Seau committed suicide last May at age 43. He was posthumously diagnosed with diachronic traumatic encephalopathy (CTE) last month. Seau shot himself in the chest.
The suit claims that through "acts or omissions," the NFL hid the dangers of repetitive blows to the head. The AP reported the plaintiffs are Seau's ex-wife Gina, his children Tyler, Sydney, Jake and Hunter, and Bette Hoffman, the trustee of Seau's estate.
The Seau family is also suing helmet manufacturer Riddell Inc., claiming it was "negligent in their design, testing, assembly, manufacture, marketing, and engineering of the helmets," according to the AP story.
The Seau family put out a statement on the lawsuit to the AP:
"We were saddened to learn that Junior, a loving father and teammate, suffered from CTE," the family said in the statement. "While Junior always expected to have aches and pains from his playing days, none of us ever fathomed that he would suffer a debilitating brain disease that would cause him to leave us too soon.
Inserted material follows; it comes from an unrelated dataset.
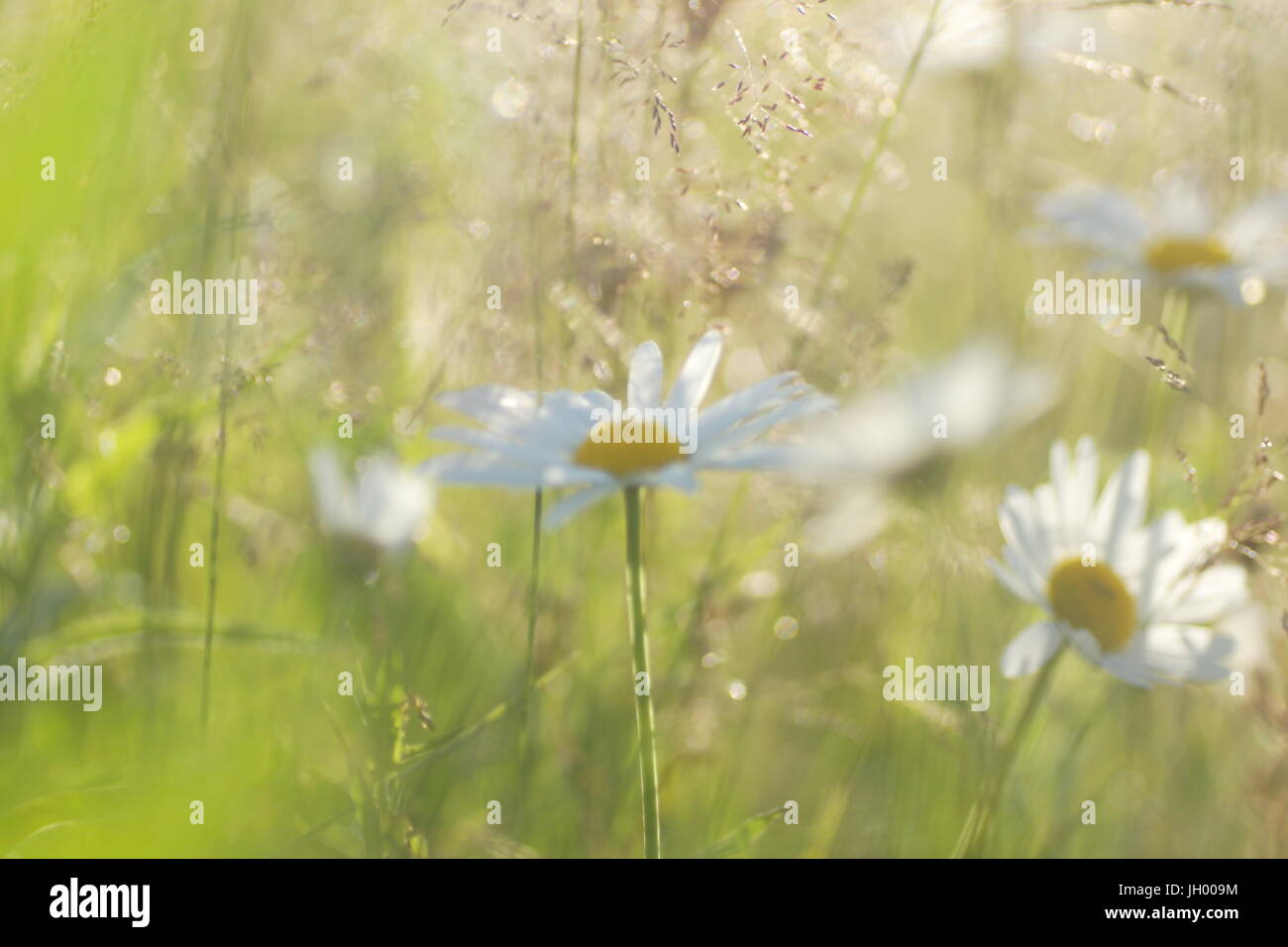 Fleurs et l'herbe éclairées par la lumière du soleil chaud de l'été sur un pré, abstract backgrounds naturel pour votre conception. Camomille Meadow Banque D'Images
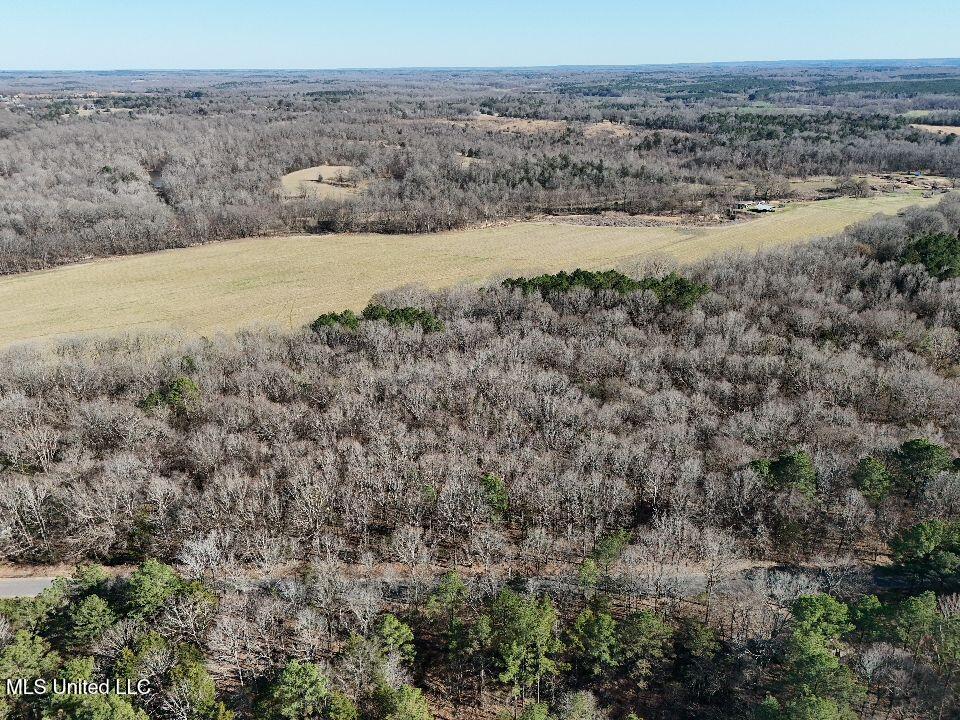 Mcneely Road, Courtland, Mississippi image 3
"We know this lawsuit will not bring back Junior. But it will send a message that the NFL needs to care for its former players, acknowledge its decades of deception on the issue of head injuries and player safety, and make the game safer for future generations."
An NFL spokesman told the league's website, "Our attorneys will review it and respond to the claims appropriately through the court." The AP reported more than 3,800 players have sued the NFL over head injuries in at least 175 cases in recent years.
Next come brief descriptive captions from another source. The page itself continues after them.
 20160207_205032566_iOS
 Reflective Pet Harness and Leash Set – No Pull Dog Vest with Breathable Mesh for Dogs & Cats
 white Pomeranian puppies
The AP included some of the claims of negligence made in the lawsuit:
"The NFL knew or suspected that any rule changes that sought to recognize that link (to brain disease) and the health risk to NFL players would impose an economic cost that would significantly and adversely change the profit margins enjoyed by the NFL and its teams," the lawsuit says, according to the report.
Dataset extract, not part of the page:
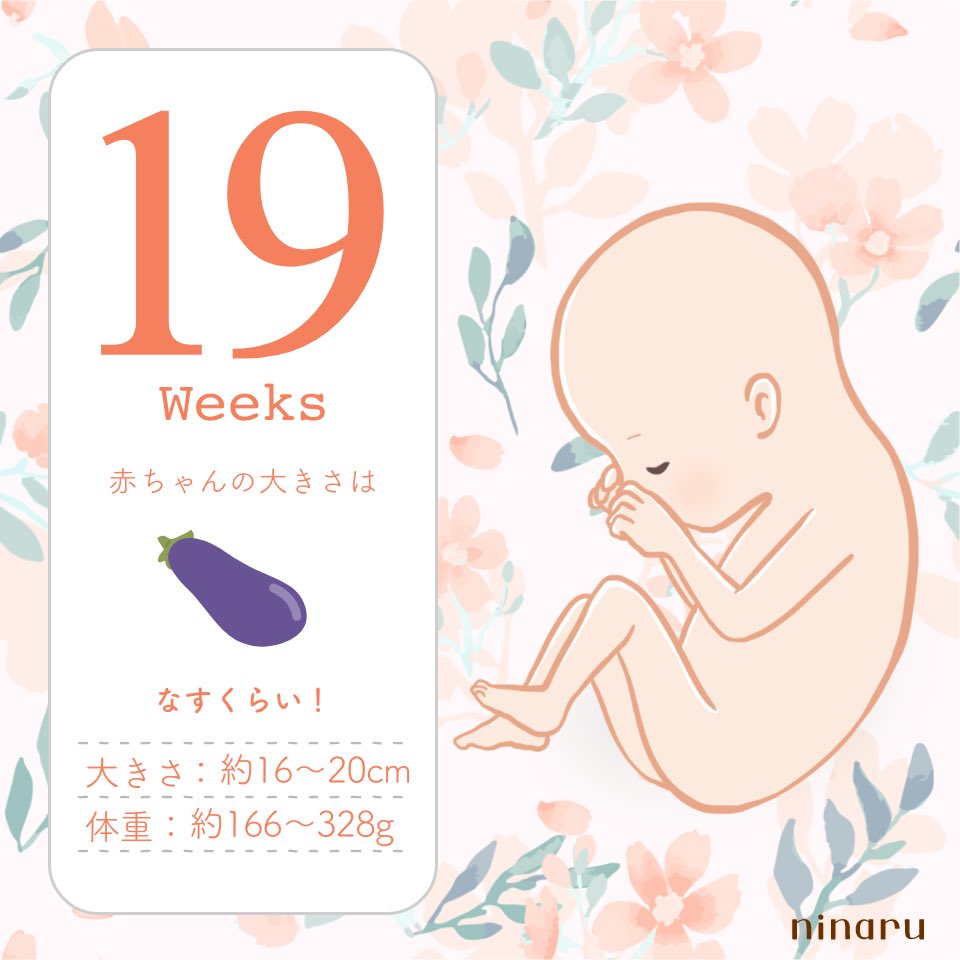 kiki＊初マタ＊19w tweet media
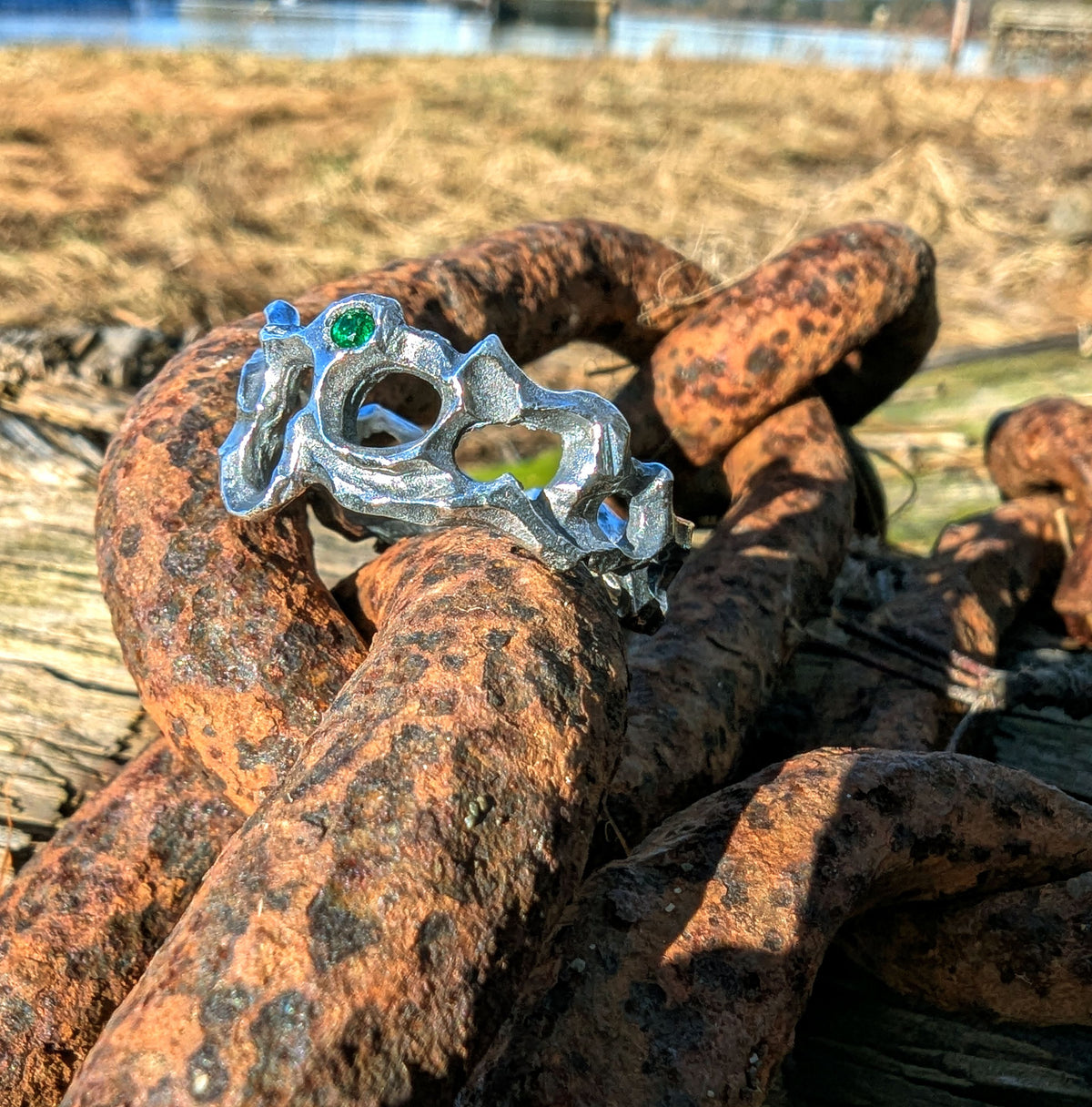 Caturix organic ring in sterling silver with Tsavorite Green Garnet.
In an interesting twist, the suit also lays some blame on NFL Films for some of its videos, saying they promote violence:
"In 1993's 'NFL Rocks,' Junior Seau offered his opinion on the measure of a punishing hit: 'If I can feel some dizziness, I know that guy is feeling double [that],'" the suit said, according to AP.
The NFL has previously denied that it misled players on safety issues.
Seau's suicide was a tragic story in NFL circles. Now it is also an important legal issue for the league and its ex-players.